What I thought that meant: telling us about unique sculpture materials and paint mixtures.
What that actually meant: an 84yo woman gingerly holding a beautifully beaded and embroidered dress (apparently from Ukraine and at least 200 years old) and, with tears in her eyes, showing how each individual thread was spun by hand and weaved into place on a cottage floor loom, with bright blue silk embroidery thread and hand-blown beads intricately piercing the work of other labor for days upon days, as the labor of a dozen talented people came together to make something so beautiful for a village girl’s wedding day.

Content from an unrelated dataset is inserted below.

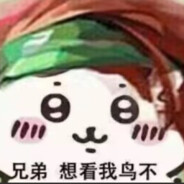 我的子弹很大你忍一下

What it also meant: in 1948, a young girl lived in a cramped tenement-like third floor apartment in Manhattan, with a father who had just joined them after not having been allowed to escape through Poland with his pregnant wife nine years earlier. She sits in her father’s lap and watches with wide, quiet eyes as her mother’s deft hands fly across fabric with bright blue silk thread (echoing hands from over a century years earlier). Thread that her mother had salvaged from white embroidery scraps at the tailor’s shop where she worked and spent the last few days carefully dying in the kitchen sink and drying on the roof.
The dress is in the traditional Hungarian fashion and is folded across her mother’s lap: her mother doesn’t had a pattern, but she doesn’t need one to make her daughter’s dress for the fifth grade dance. The dress would end up differing significantly from the pure white, petticoated first communion dresses worn by her daughter’s majority-Catholic classmates, but the young girl would love it all the more for its uniqueness and bright blue thread.

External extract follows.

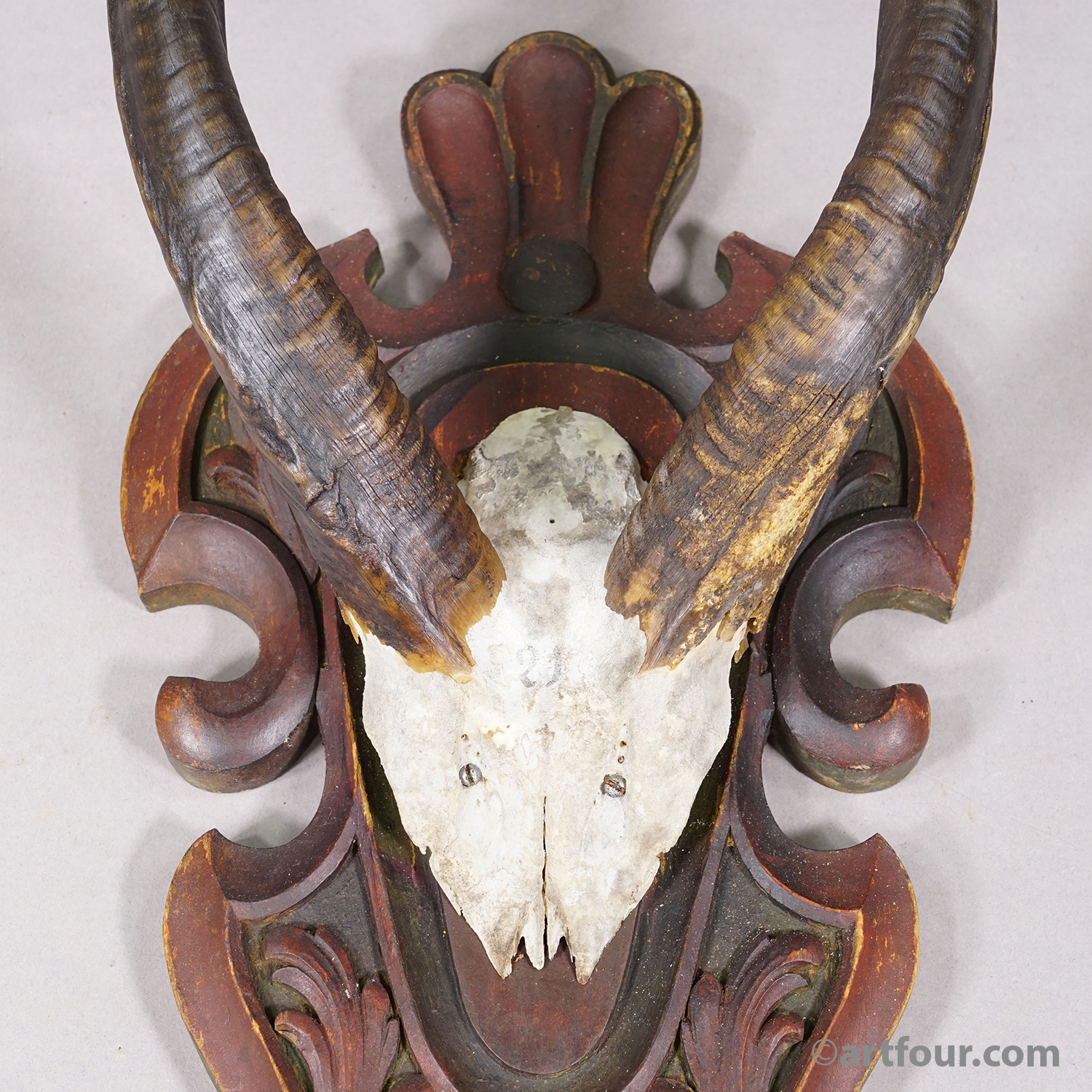 Antique Springbok Trophy on Wooden Carved Plaque, 1910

And now, that same young girl (and maybe also the villager from 19th century Ukraine) stands in front of us, trying not to clutch the old fabric too hard as her voice shakes with the emotion of all the love and humanity that is poured into the labor of art. The village girl and the girl in the Bronx were very different people: different centuries, different religions, different ages, and different continents. But the love in the stitches and beads on their dresses was the same. And she tells us that when we look at the labor of art, we don’t just see the work to create that piece - we see the labor of our own creations and the creations of others for us, and the value in something so seemingly frivolous.
But, maybe more importantly, she says that we only admire this piece in a museum because it happened to survive the love of the wearer and those who owned it afterwards, but there have been quite literally billions of small, quiet works of art in billions of small, quiet homes all over the world, for millennia. That your grandmother’s quilt is used as a picnic blanket just as Van Gogh’s works hung in his poor friends’ hallways. That your father’s hand-painted model plane sets are displayed in your parents’ livingroom as Grecian vases are displayed in museums. That your older sister’s engineering drawings in a steady, fine-lined hand are akin to Da Vinci’s scribbles of flying machines.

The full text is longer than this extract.